WHAT IS REQUIRED: Print this span of the material below exactly: the line with "Kit Escolar com", the line with "Giraffe In A Suit Painting - No Frame Print", and every line between them, but nothing else.

INPUT RECORDS:
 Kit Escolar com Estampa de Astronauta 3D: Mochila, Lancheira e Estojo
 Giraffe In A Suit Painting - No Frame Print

---

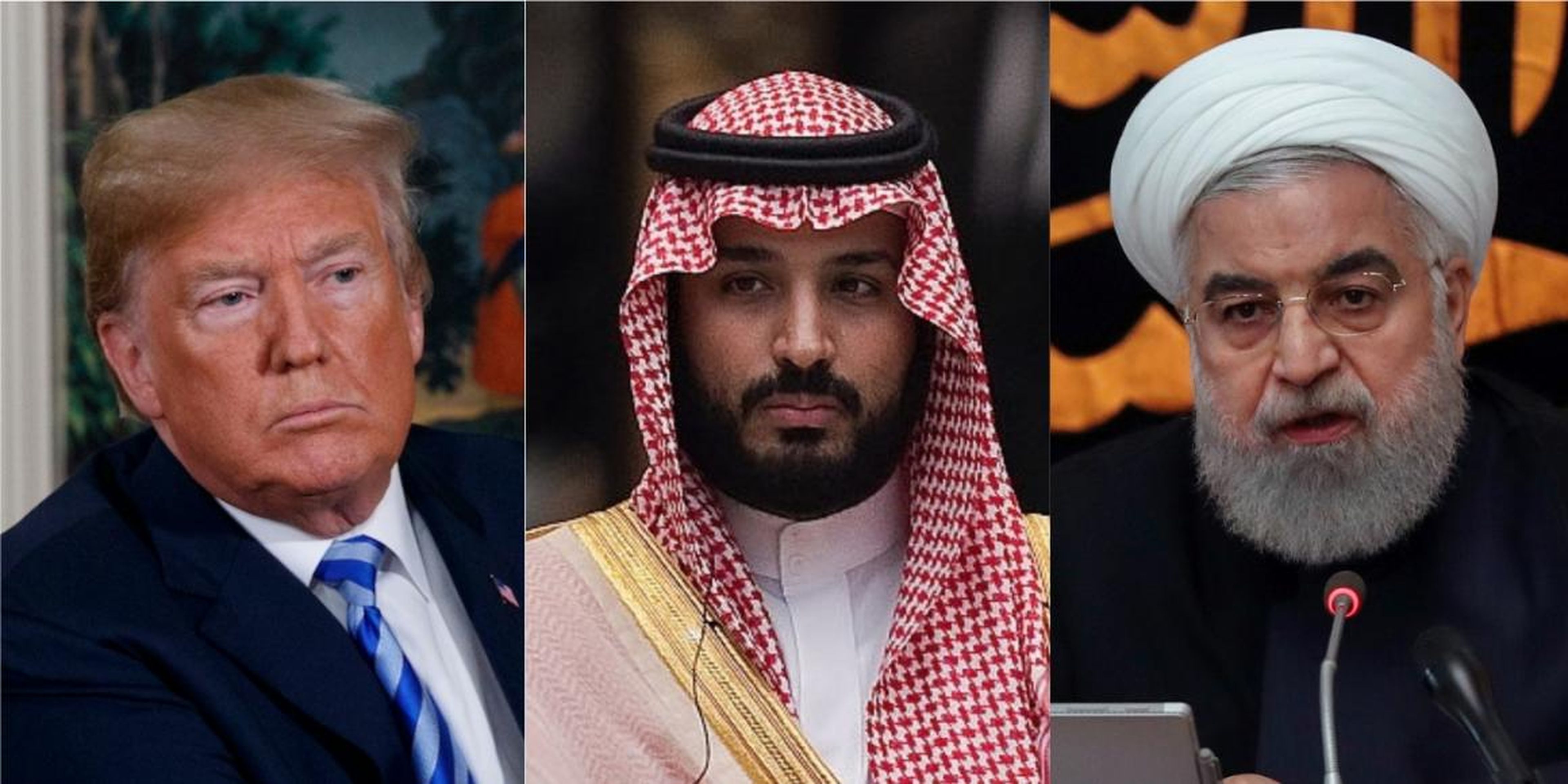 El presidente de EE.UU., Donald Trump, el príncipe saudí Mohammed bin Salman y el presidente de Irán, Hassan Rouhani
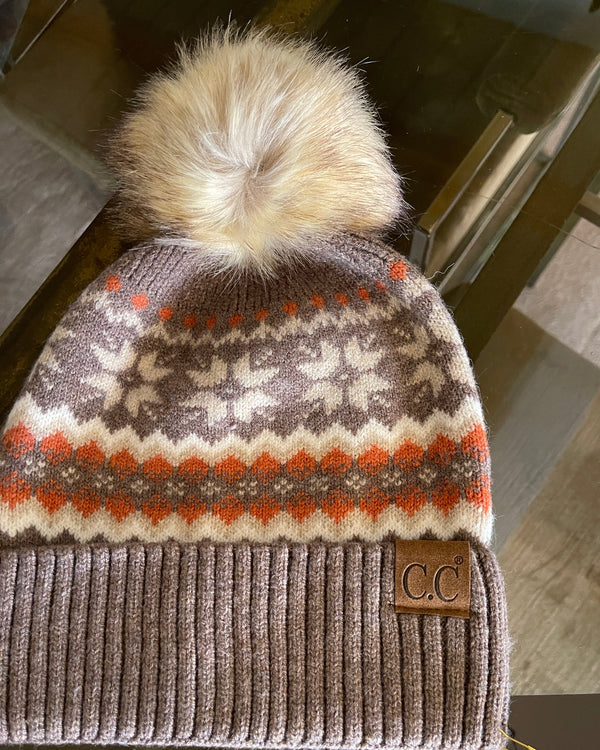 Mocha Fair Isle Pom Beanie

==

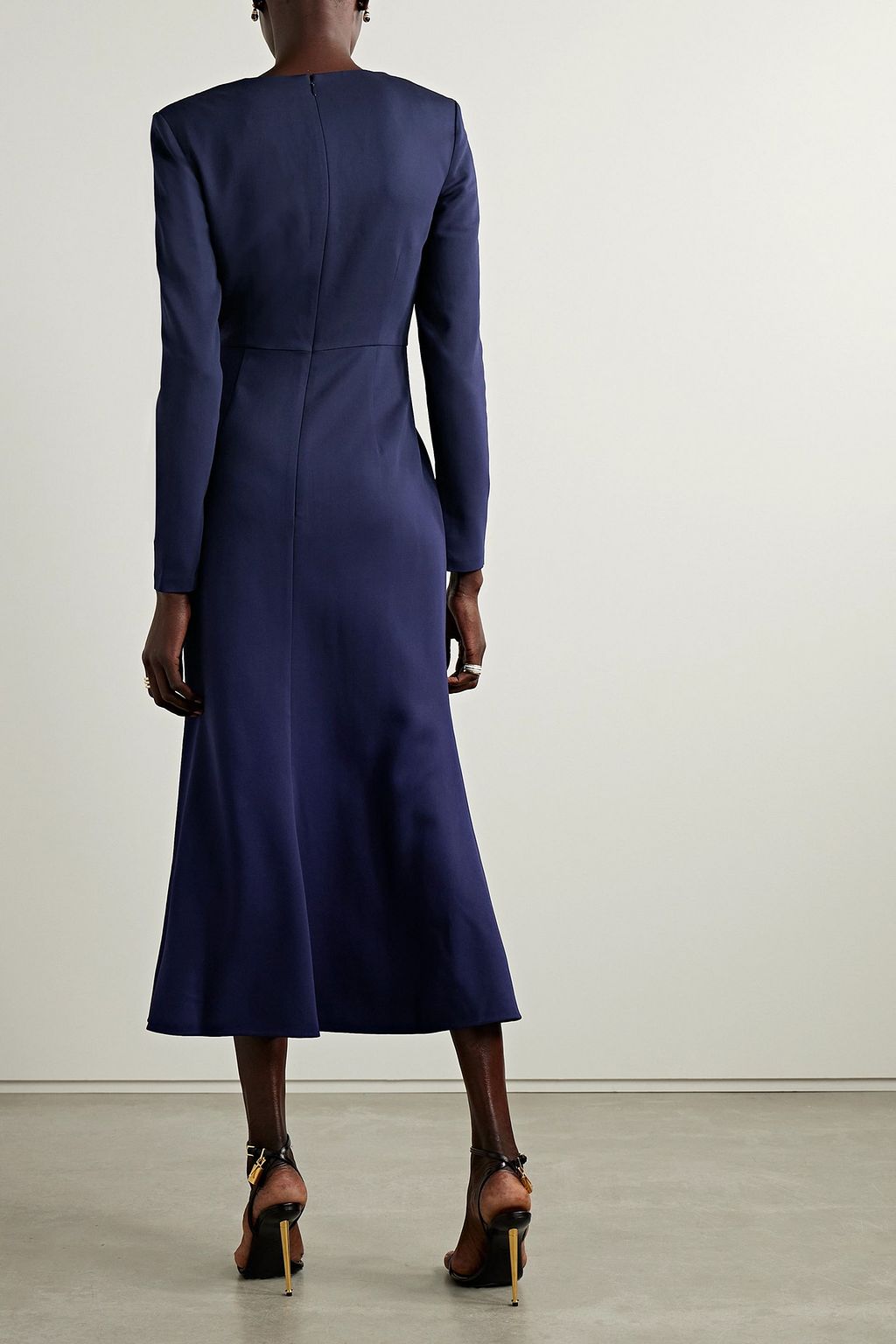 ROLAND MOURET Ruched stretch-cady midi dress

WRITTEN RESPONSE:
 Kit Escolar com Estampa de Astronauta 3D: Mochila, Lancheira e Estojo
 Giraffe In A Suit Painting - No Frame Print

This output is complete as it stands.